Ananusociya Jataka (#328)

The Bodhisatta was once an ascetic who lived with his wife in the Himalayas. He’d had no interest in marriage, but his parents insisted. So he had a golden statue of a woman made and told them he would only marry someone as beautiful as her. His parents sent the statue out across India in a carriage and told their emissaries that if they found the woman, they were to give her parents the statue in exchange.

Eventually they found a young woman as pure and beautiful as an angel who looked exactly like the statue. Like the Bodhisatta, she did not want to be married, but her parents made the trade and sent her away. Though the Bodhisatta and his wife resided together, they lived a virtuous, celibate life as though they were saints. When the Bodhisatta’s parents died, he and his wife gave away their vast wealth and renounced the world.

One time while down in the city to get salt and seasoning, they took up residence in the royal park. After eating some low-quality rice, the Bodhisatta’s wife grew weak from an attack of dysentery. Before making his morning alms round, the Bodhisatta carried her to the city gate and laid her down on a bench. While he was out gathering food, she died. A crowd of weeping and lamenting people gathered around her and when the Bodhisatta returned he sat on her bench and calmly started to eat. The people were shocked that he felt no sorrow over her death, so he gave them a lesson on impermanence, explaining that death is inevitable and sorrow serves no benefit. Then people gave her funeral rites and the Bodhisatta returned to the Himalayas alone.

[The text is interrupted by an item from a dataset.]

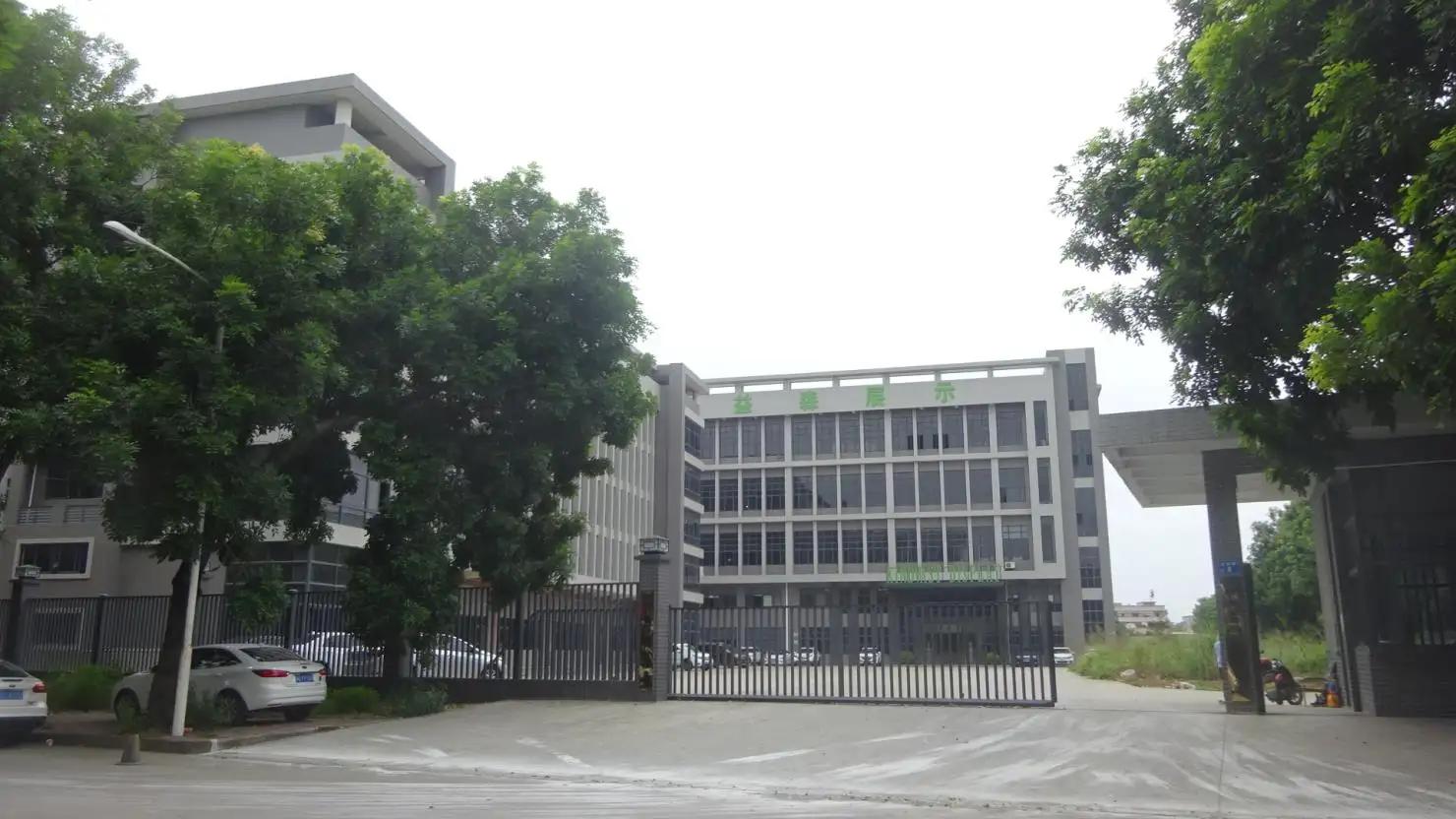 Dongguan Kindvast Display And Packaging Co., Ltd.
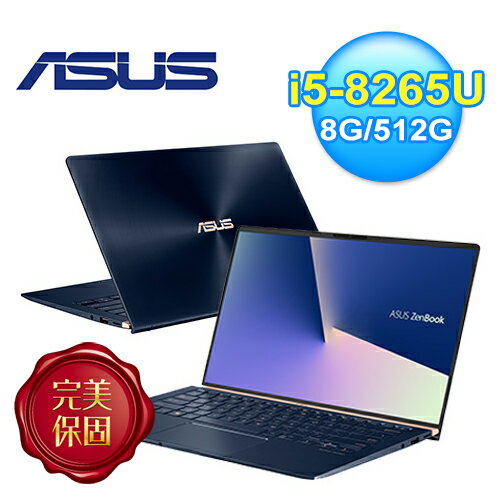 【ASUS 華碩】UX433FN-0082B8265U 14吋窄邊框輕薄筆電 皇家藍 【買再送電影兌換序號1位】【三井3C】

In the Lifetime of the Buddha

When a landowner’s wife died, he was so depressed he stopped eating, bathing, and caring for his farm fields and spent long hours wandering around the cemetery. One morning the Buddha divined that this man was ready for a spiritual breakthrough and only he could end his grief. So, after completing his alms round, the Buddha went to the man’s house and taught him that all things are impermanent and one should not grieve over what is lost. Then the Buddha told him this story about losing his own wife in the past and the man did have a breakthrough of understanding.

The Bodhisatta’s wife was an earlier birth of the Buddha’s wife.